HOUSTON (CN) - The International Olympic Committee sued a businessman on trademark charges, claiming he's stockpiled more than 1,000 domain names of potential Olympic host cities and years to raise money.
The IOC and the U.S. Olympic Committee sued Stephen P. Frayne Jr. and his company CityPure LLC on Thursday in Federal Court.
Frayne has acquired nearly 1,500 domain names of cities in the running to host Summer Olympics, and the years, such as Rome2024.com, Paris2024.com and LosAngeles2024.com, the IOC says.

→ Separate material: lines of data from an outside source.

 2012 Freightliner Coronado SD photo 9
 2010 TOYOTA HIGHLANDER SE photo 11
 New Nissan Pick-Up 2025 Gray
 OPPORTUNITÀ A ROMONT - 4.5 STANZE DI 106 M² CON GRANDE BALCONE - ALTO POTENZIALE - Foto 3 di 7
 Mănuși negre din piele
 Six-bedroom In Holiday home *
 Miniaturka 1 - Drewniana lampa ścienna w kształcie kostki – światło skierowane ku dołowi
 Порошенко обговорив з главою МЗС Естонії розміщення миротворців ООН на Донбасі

It claims Frayne has been snatching up these Web addresses for years.
The USOC in 2008 tried to recover Chicago2016.com from Frayne in a proceeding before the Internet Corporation for Assigned Names and Numbers, which works out disputes over domain names that are identical or similar to trademarks.
In response, Frayne showed the USOC he's not afraid to play hardball.
"Frayne filed a complaint in the District Court for the Northern District of Illinois, averring that he acquired the domain name solely to establish a bona fide noncommercial forum for an 'open and honest discussion' about the Olympic Games," the complaint states.
The USOC says that because Frayne professed under oath an innocent goal of providing a place to talk about the Olympics, it believed him, and settled the lawsuit in 2009.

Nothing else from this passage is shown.